Is a screw top better than a cork? A new experiment aims to find out!

It is a debate that has raged for decades among wine lovers. Which is better, a cork or a screw-top?

While traditionalists claim that only a cork allows wine to age correctly, modernists insist that the metal caps prevent oxidation and corking, and allow easy opening.

Now Oxford University is about to lift the lid on the argument.

A unique experiment designed by the university’s Crossmodal Research Laboratory launches this week to explore the impact that corks or screw-tops have on the sense.

Participants will be asked to rate how the sound, aroma, feel and sight of a series of different wine closures changes their perception and taste of a wine.

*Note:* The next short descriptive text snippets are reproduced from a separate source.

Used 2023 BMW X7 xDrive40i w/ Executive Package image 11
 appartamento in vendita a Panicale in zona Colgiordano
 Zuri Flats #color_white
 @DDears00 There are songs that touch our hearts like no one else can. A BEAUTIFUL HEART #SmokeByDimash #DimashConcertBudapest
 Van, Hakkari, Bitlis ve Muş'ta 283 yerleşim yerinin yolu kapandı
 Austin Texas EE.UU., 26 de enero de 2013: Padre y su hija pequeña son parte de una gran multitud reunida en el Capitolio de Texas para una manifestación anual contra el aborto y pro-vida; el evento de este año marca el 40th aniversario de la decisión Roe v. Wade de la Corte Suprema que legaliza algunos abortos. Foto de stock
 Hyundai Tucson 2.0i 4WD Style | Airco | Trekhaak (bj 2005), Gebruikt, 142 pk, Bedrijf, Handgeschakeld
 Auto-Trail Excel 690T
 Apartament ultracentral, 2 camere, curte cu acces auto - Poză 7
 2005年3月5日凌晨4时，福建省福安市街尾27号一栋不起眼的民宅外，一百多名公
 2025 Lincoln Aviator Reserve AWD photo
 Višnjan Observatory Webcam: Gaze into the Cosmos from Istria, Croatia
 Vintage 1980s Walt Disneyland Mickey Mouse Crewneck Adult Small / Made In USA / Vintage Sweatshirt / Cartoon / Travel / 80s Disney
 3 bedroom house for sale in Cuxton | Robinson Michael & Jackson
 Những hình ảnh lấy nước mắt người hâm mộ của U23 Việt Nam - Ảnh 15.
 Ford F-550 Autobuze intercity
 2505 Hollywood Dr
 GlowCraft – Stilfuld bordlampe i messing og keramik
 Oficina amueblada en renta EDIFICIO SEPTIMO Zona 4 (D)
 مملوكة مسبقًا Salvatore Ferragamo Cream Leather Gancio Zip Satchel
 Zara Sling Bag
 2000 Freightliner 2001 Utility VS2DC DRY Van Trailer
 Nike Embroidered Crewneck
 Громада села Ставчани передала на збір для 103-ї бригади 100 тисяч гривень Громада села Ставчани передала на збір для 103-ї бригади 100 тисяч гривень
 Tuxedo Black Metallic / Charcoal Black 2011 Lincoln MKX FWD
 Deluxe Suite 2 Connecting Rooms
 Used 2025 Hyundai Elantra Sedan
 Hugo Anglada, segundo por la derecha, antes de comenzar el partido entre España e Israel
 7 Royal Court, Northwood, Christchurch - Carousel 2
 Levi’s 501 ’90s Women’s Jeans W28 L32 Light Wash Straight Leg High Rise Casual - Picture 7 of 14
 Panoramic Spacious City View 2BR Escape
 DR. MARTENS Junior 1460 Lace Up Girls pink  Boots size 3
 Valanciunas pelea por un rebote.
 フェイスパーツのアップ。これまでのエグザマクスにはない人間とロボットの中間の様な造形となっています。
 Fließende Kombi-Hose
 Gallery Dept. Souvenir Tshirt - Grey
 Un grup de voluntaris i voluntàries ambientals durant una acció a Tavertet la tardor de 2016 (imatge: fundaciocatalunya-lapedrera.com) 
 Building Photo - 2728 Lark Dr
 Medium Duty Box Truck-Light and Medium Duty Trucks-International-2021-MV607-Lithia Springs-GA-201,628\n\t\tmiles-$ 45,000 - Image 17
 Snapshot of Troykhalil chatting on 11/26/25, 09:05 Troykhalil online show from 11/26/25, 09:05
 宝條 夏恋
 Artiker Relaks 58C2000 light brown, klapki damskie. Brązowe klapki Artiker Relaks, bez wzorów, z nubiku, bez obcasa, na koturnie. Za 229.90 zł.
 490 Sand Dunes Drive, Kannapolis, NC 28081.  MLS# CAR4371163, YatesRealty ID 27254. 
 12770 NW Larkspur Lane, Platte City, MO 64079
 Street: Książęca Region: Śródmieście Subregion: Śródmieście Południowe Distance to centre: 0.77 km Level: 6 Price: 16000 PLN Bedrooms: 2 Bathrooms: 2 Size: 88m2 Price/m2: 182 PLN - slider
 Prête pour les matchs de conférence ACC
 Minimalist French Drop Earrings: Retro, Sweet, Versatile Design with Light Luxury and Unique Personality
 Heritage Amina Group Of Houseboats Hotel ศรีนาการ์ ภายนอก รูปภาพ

As well as cork and screw caps ‘fake’ corks made from plastics and plant-based polymers will also be tested as well as metal flip tops will also be tested.

Researchers will also gather data on participants’ response to the taste and experience of the wine they are drinking by fitting participants with state-of-the-art brain-scanning headwear, monitoring their pleasure receptors as they take part in a further series of tests.

Scientists will record brainwaves from people while drinking the wine 

Professor Charles Spence, head of experimental psychology at Oxford University, said: “This is a debate that has been ongoing in the wine industry for many years, and we hope this trial will go some way to providing a definitive answer to this fascinating question.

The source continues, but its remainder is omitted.